I would suggest to drop that.

+#endif /* OCFS2_VER_H */
diff -ruN linux-2.6.12-rc4.old/fs/ocfs2/vote.c linux-2.6.12-rc4/fs/ocfs2/vote.c
--- linux-2.6.12-rc4.old/fs/ocfs2/vote.c 1969-12-31 16:00:00.000000000 -0800
+++ linux-2.6.12-rc4/fs/ocfs2/vote.c 2005-05-17 22:42:59.546619823 -0700
@@ -0,0 +1,992 @@
+ * vote.c
+ *
+ * description here

Yep.

+static int ocfs2_do_request_vote(ocfs_super *osb,
+ u64 blkno,
+ unsigned int generation,
+ enum ocfs2_vote_request type,
+ int orphaned_slot,
+ struct ocfs2_net_response_cb *callback)
...
+ request = kmalloc(sizeof(*request), GFP_KERNEL);
+ if (!request) {
+ status = -ENOMEM;
+ mlog_errno(status);
+ goto bail;
+ }
+ memset(request, 0, sizeof(*request));

kcalloc

-Andi


2005-05-30 11:46:35

by Pekka Enberg

[permalink] [raw]
Subject: Re: review of ocfs2

Hi,

On 5/30/05, Andi Kleen <[email protected]> wrote:
> +static int ocfs2_do_request_vote(ocfs_super *osb,
> + u64 blkno,
> + unsigned int generation,
> + enum ocfs2_vote_request type,
> + int orphaned_slot,
> + struct ocfs2_net_response_cb *callback)
> ...
> + request = kmalloc(sizeof(*request), GFP_KERNEL);
> + if (!request) {
> + status = -ENOMEM;
> + mlog_errno(status);
> + goto bail;
> + }
> + memset(request, 0, sizeof(*request));
>
> kcalloc

Actually, the latest preferred form for

kcalloc(1, sizeof(*p), GFP_KERNEL)

is the following (as suggested by Al Viro):

request = kmalloc(sizeof(*request), GFP_KERNEL);
if (!request) {
status = -ENOMEM;
mlog_errno(status);
goto bail;
}
*request = (ocfs2_vote_msg) { .md1.v_generic1 = htonl(priv) };
hdr = &request->v_hdr;

response_id = ocfs2_new_response_id(osb);

*hdr = (ocfs2_msg_hdr) {
.h_response_id = htonl(response_id);
.h_request = htonl(type);
.h_blkno = cpu_to_be64(blkno);
.h_generation = htonl(generation);
.h_node_num = htonl((unsigned int) osb->node_num)
};

Pekka

2005-05-31 22:21:18

by Zach Brown

[permalink] [raw]
Subject: Re: review of ocfs2

Andi Kleen wrote:
> Over the weekend I read the ocfs2 patch (without configfs). Overall
> it looks pretty good and in good shape for merging. Most of the
> stuff I noted are nits, not major things.

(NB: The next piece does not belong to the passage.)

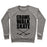 Virgin Teez  Pullover Crewneck Sweatshirt / x-small / Heathered Gray CRAWL WALK SKATE CREWNECK SWEATSHIRT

Awesome, thanks. I'll try and respond to the bits I interacted with.

> One thing I would like to see is to combine it with a merging
> of the more advanced file system level AIO code. ocfs2 adds quite
> some hacks to do efficient aio without it, but that doesn't make
> sense. Perhaps some Oracle people could help out testing
> and submitting the retry AIO patches and the clean it up?

Indeed. Smoothing out AIO is definitely on the list.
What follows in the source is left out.